Volume 19 Issue 44 | March 16 - 22, 2007

Neighbors say Wall St. night traffic worsens

By Brooke Edwards

In addition to dealing with a slew of construction projects and a constantly fluctuating security zone, some Financial District residents say navigating the neighborhood’s narrow streets and sidewalks is being increasingly complicated by local event venues, which take advantage of a lack of police patrol and make their own rules when it comes to parking and street or sidewalk closures.

“The whole area down there, on Wall St. and William St. and Hanover Square, it’s a mess,” said Robert Gould, who lives at 3 Hanover Square.

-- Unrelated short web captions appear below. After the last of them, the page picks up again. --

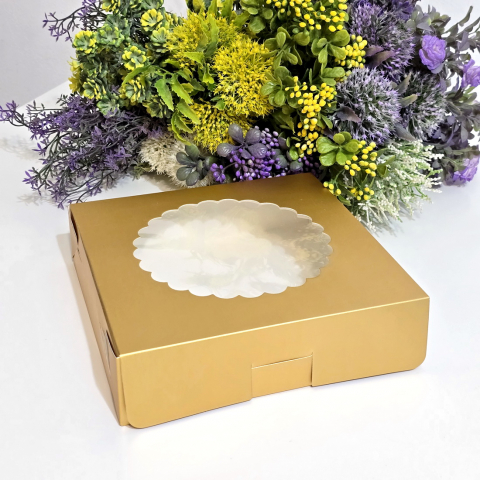 Cutie din carton aurie cu fereastra 20cm x 20cm x 5cm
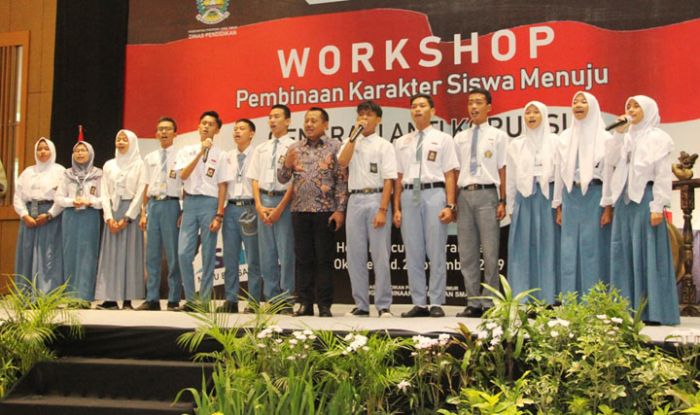 Sekdaprov Jatim Ajak Siswa-Siswi SMA Biasakan Cium Tangan Orang Tua dan Guru Sekdaprov Jatim Ajak Siswa-Siswi SMA Biasakan Cium Tangan Orang Tua dan Guru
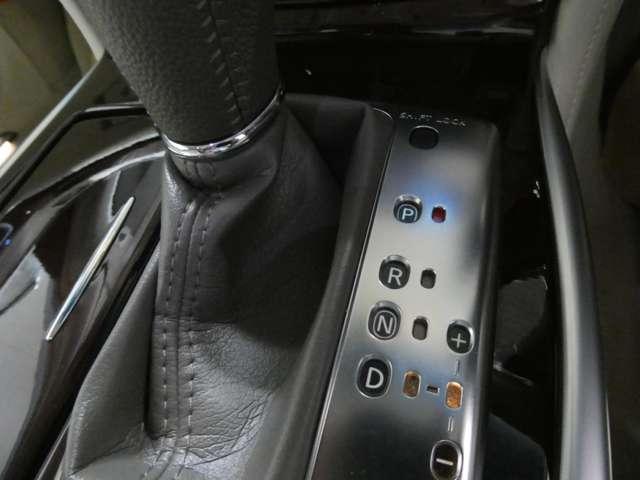 シーマ ３．５　フルセグＴＶ付メーカナビ　オートエアコン　衝突被害軽減システム　ＨＤＤナビ＆ＴＶ　バックモニター　インテリジェントキー　サンルーフ　クルーズコントロール　ＥＴＣ　寒冷地仕様　１オーナー　盗難防止システム（8枚目）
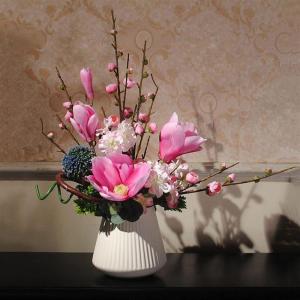 Kunstblumen Künstliche Blumen Innendekoration Simulation Pflaume Magnolie Blumenstrauß Seidenstoff Gefälschte Blume Hortensie Topf Keramikvase für jeden Anlass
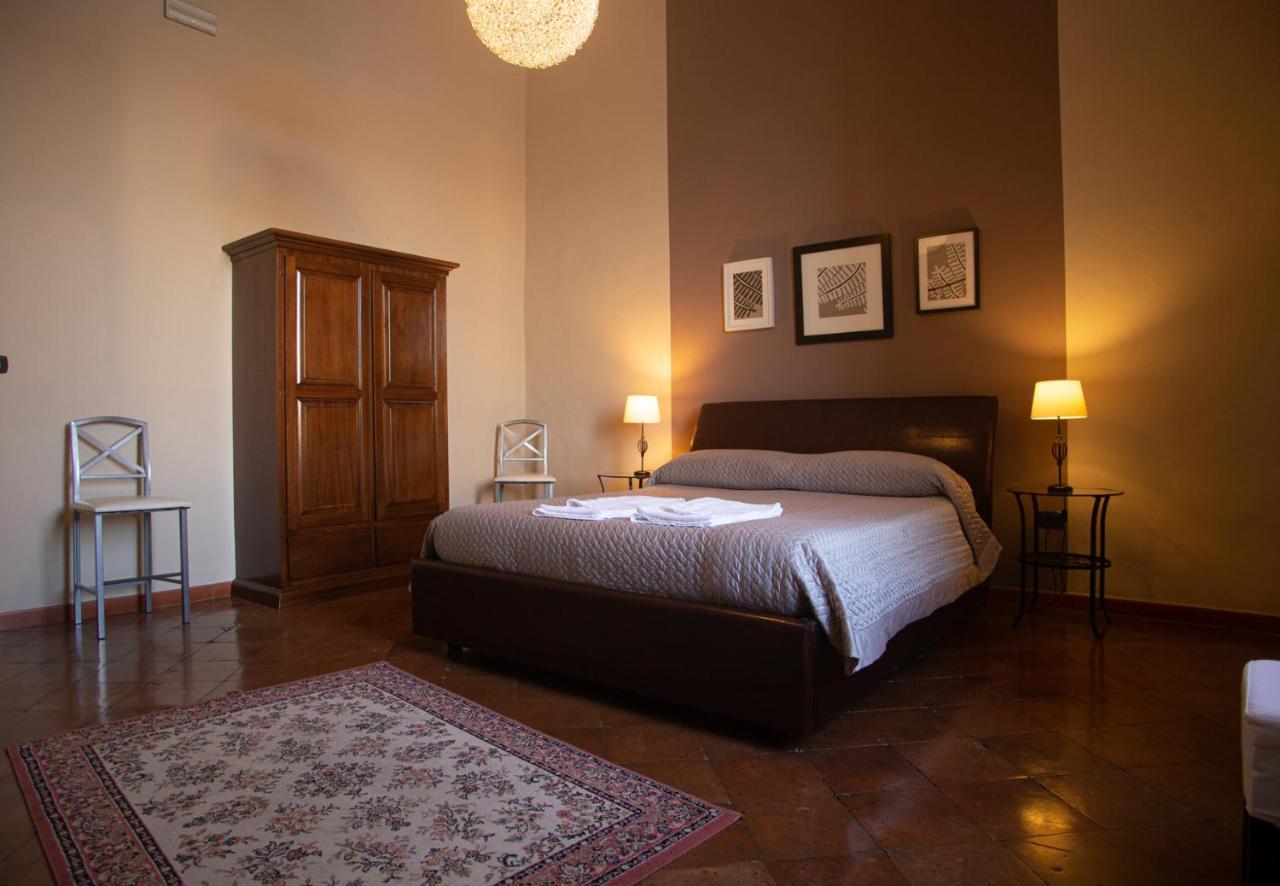 B&B Regina Margherita Bríndisi Exterior foto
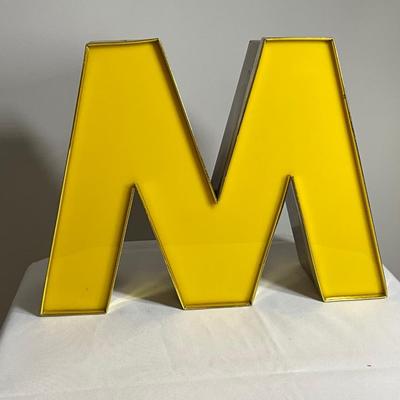 M sign, home decor 13x16”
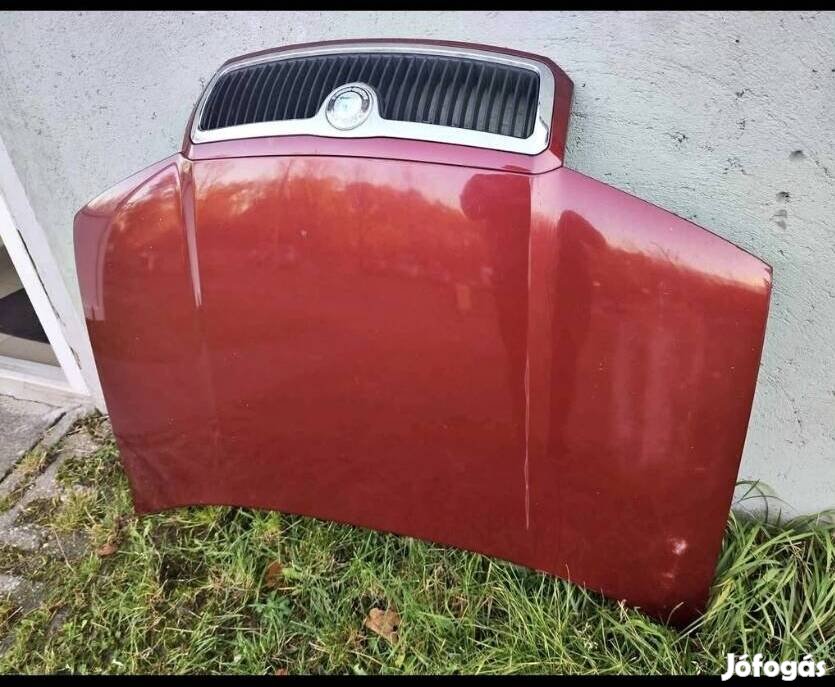Skoda Fabia 1 motorháztető hűtőráccsal együtt.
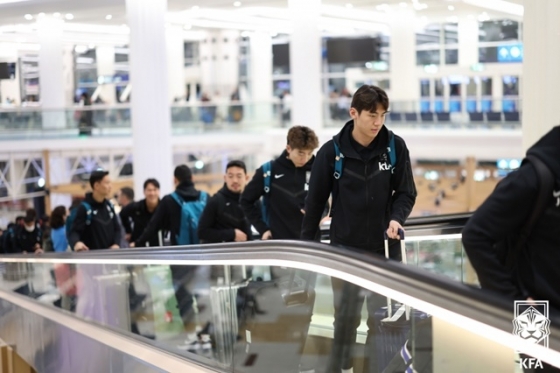김지수(오른쪽). /사진=대한축구협회 제공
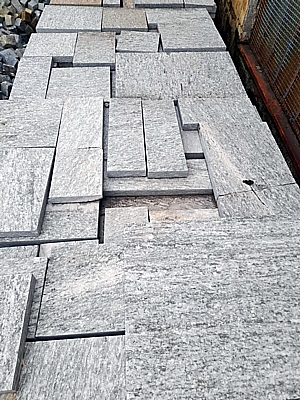 Pavimento alla scozzese in pietra di Luserna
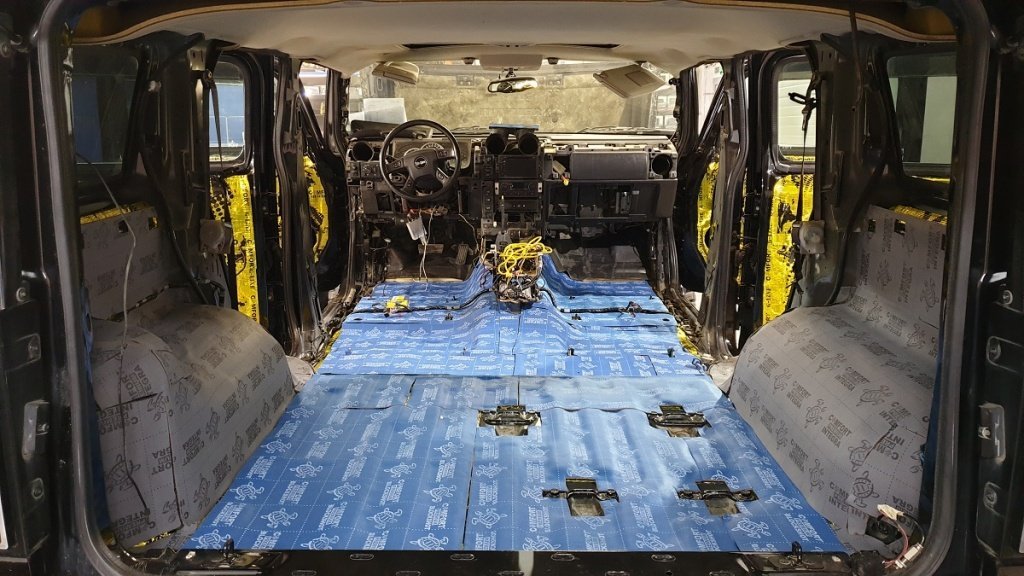 Полная шумоизоляция автомобиля Hummer H2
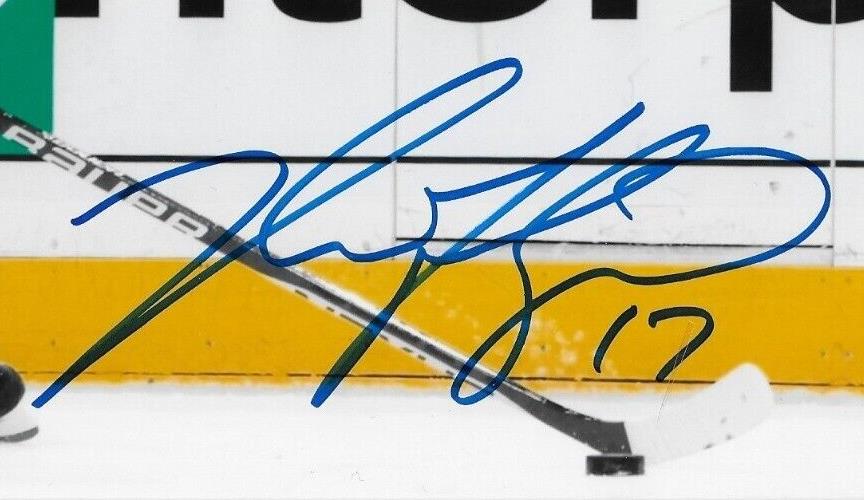 Photo 8x10 autographiée par Nick Foligno des Bruins de Boston #4
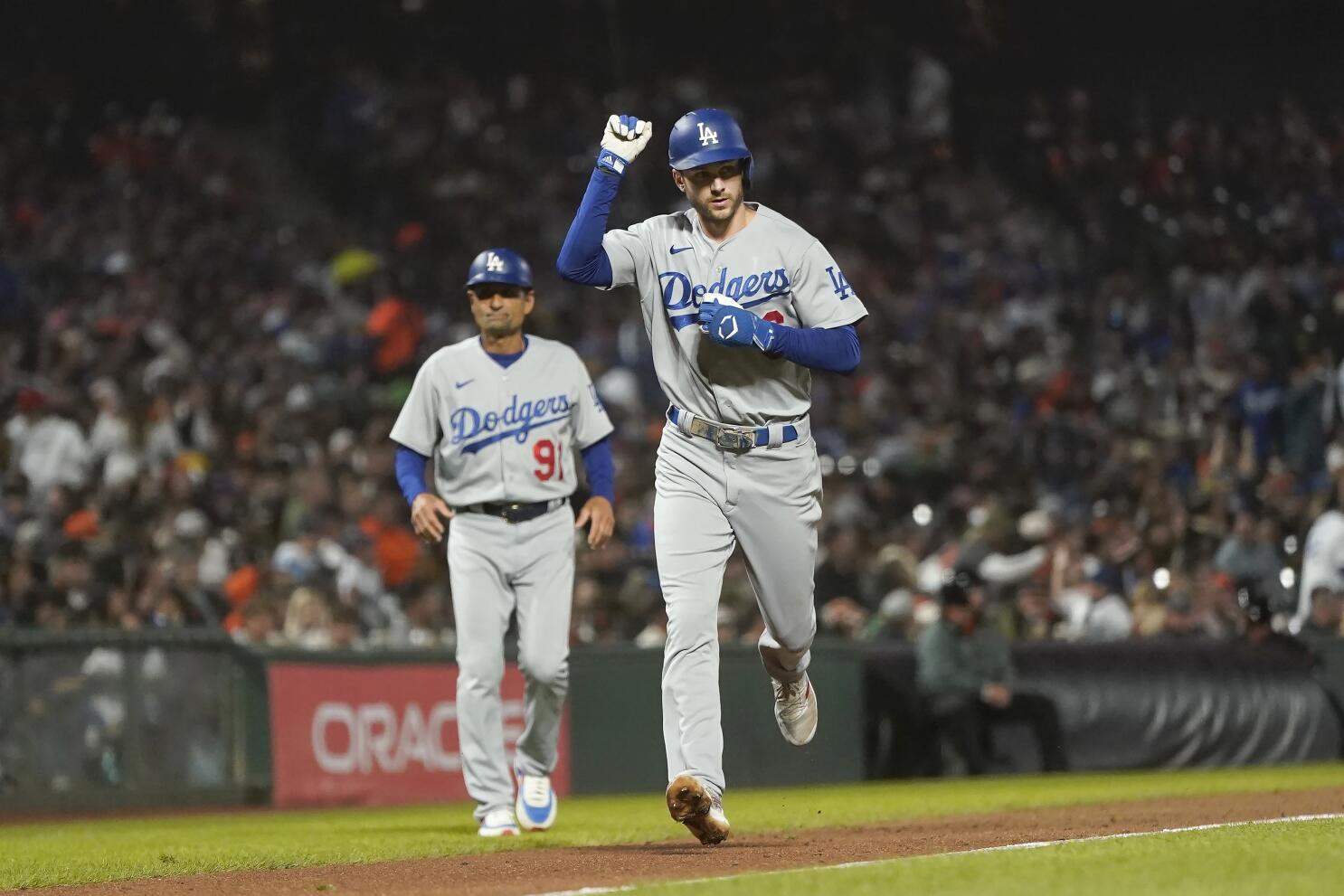 Freeman has 3 hits to lead Dodgers to 8-2 victory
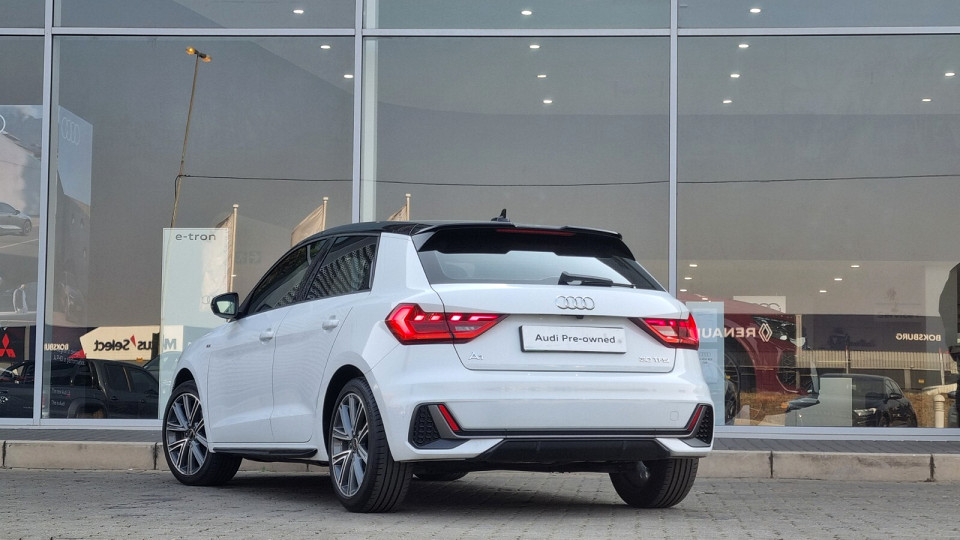 AUDI A1 SPORTBACK 1.0 TFSI S-LINE S TRONIC (30 TFSI), image 2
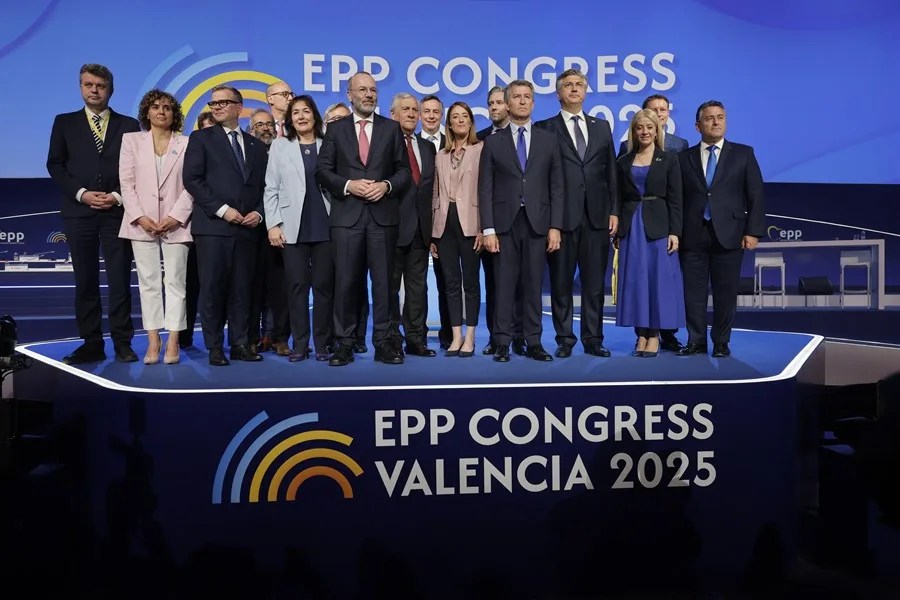 Foto de familia en el marco de la segunda jornada del congreso del Partido Popular Europeo en Valencia.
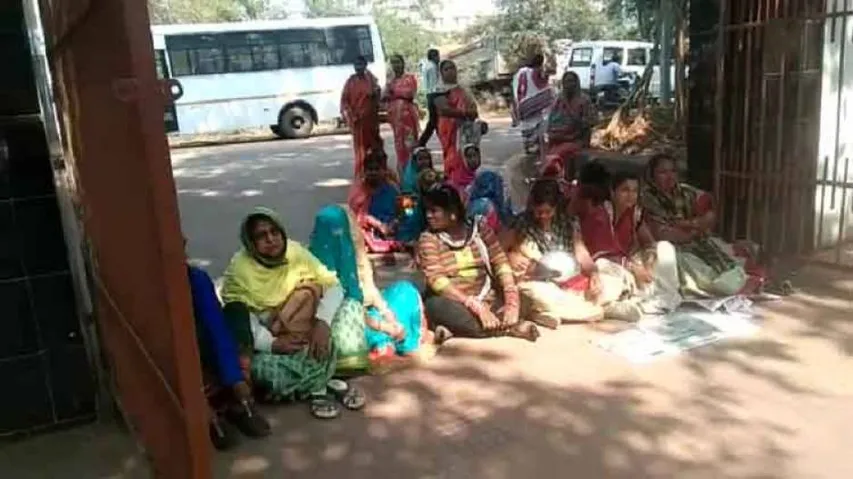 Tinder Couple In Rape-Blackmail Row: Accused Banker’s Family Gheraoes Police Station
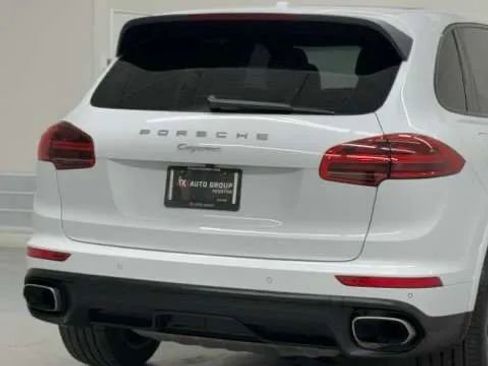 Used 2018 Porsche Cayenne Platinum Edition image 51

Gould, president of the First Precinct Community Council, said these streets are frequently blocked by lines of black cars waiting to pick up customers from places such as Cipriani and Bayard’s. Gould was quick to say, “They’re great institutions. They generate a lot of income for the area.” But he also said that these businesses lay down their own cones to block sidewalks, divert traffic and create parking wherever they wish, which exacerbates the problems caused by the New York Stock Exchange security zone.

Since Wall St. has been under construction, Gould said that when there is a big event at Cipriani, they often block William St. with cones.

Gould said they’re getting away with it. “There is no traffic agent in that area at that time of night,” he said. “They need to hire night people like they do all over the city.”

Dep. Inspector Anthony Bologna, commander of the First Precinct, said police have responded to complaint calls about parking and disturbances from honking horns in the area, but acknowledged a shortage of available patrol staff during a community council meeting last month. The problem, he said, is that, “The residents are increasing faster than police personnel.” He said, “It is no longer the case that the community and businesses down there shut down at seven o’clock.” Bologna asked community members to write letters, requesting increased funding and staffing for the First Precinct, saying, “We need help.”

During a phone interview Monday, Bologna said they have been monitoring the situation, but that there haven’t been any major events at Cipriani in the past few weeks.

When asked about allegations that they were blocking off sidewalks and causing congestion on the streets surrounding Cipriani a spokesperson said, “It’s a problem all over the city. There’s nothing we can do about it.”

Bayard’s did not respond to requests for comment.

Julie Menin, chairperson of Community Board 1 and a resident of the area herself, said she has not personally heard any complaints about the event venues, but said, “It’s very, very difficult to navigate down there.” She said C.B. 1 would definitely look into the situation if it continues to be a problem.